O Brasil chegou a um tal nível de descalabro que se torna necessário destacar que a tarefa primeira do Estado é a segurança. Verdade tão banal que chega a ser defendida por todos os filósofos políticos.
No entanto, algo tão banal, no nosso país, é objeto de debates e, sobretudo, de tergiversações.
Em troca, temos a banalização do mal, que chega às raias do absurdo com uma criança sendo arrastada em um carro, chocalhada feito um boneco e morta por um bando de assassinos.
O cinismo é tão grande que os ditos sensatos declaram que nenhuma medida deve ser tomada sob forte emoção. Cabe, porém, a pergunta: se não é a forte emoção que provoca iniciativas salutares como a da redução da maioridade penal proposta pelo Senador Antônio Carlos Magalhães, quando será ela tomada? Quando de ataques de esquadrões do crime em várias cidades, o argumento foi o mesmo. O que foi feito depois? Nada.
A impunidade só piorou. Infelizmente o que aconteceu com essa criança faz parte de uma lógica da impunidade, que começa na corrupção de Brasília e se estende para todos os outros setores da vida nacional. Até quando? Vejamos as funções principais do Estado.

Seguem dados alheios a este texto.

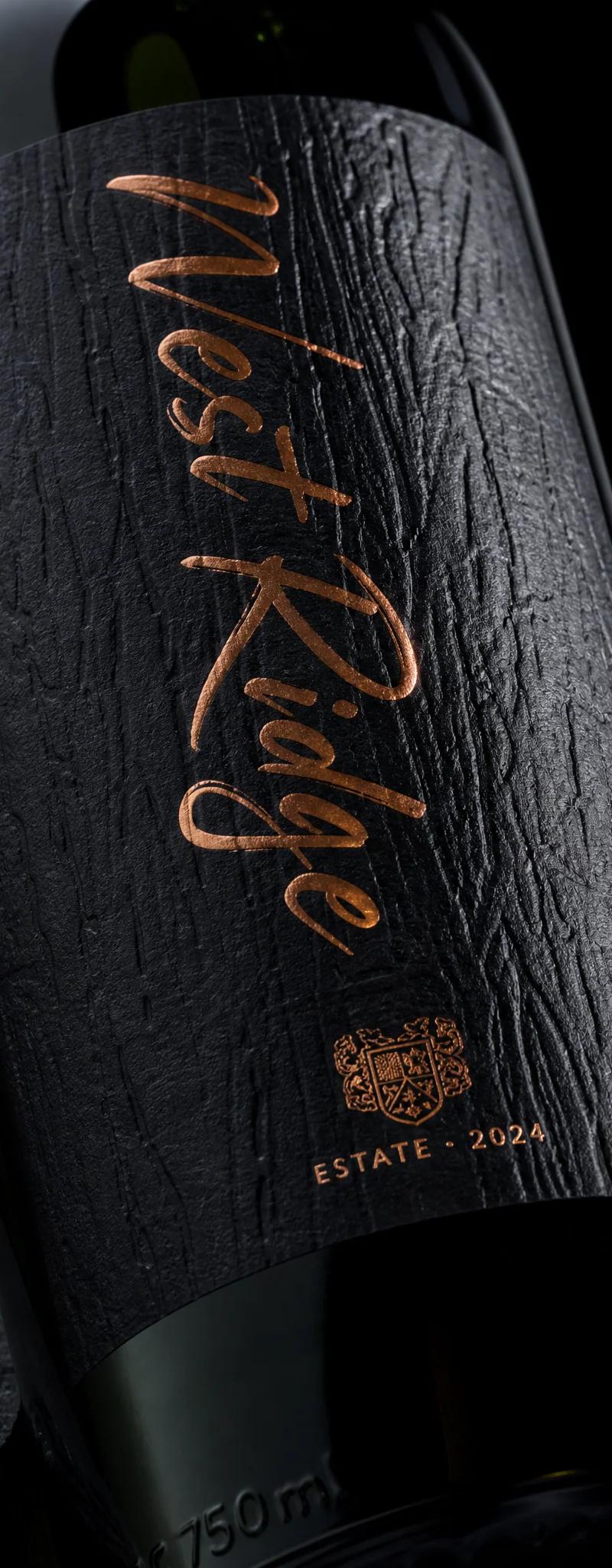 Business card with copper- foil stamping and emboss.
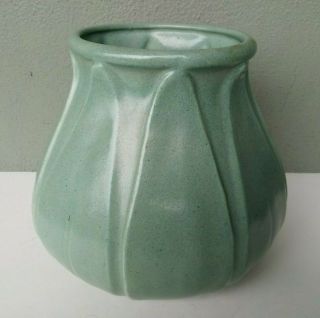 Haeger Pottery - Arts & Crafts Style Matte Grueby Green Vase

A vida. Se as pessoas vivem numa instituição chamada Estado é para que ela preserve aquilo que todos consideram como o seu bem essencial, a própria vida. Se os membros dessa instituição pagam impostos é para que ela assegure a sua própria segurança. Isto significa que as pessoas deveriam poder dormir sossegadas sem medo de serem ameaçadas por alguém que invada a sua moradia ou tome alguém como um corpo morto/vivo sendo arrastado pelas ruas de uma cidade. Frente a uma situação deste tipo, de barbárie, o nosso presidente da República teria declarado que não apoiaria o projeto em pauta no Senado, porque não se pode "desproteger os adolescentes". Realmente, não dá para entender. Desprotegidos estão as crianças e adolescentes que não podem mais sair pelas ruas do Brasil, atacados inclusive por adolescentes que podem assassinar impunemente. Até o argumento adicional de que um presídio normal os pioraria, carece de qualquer fundamento.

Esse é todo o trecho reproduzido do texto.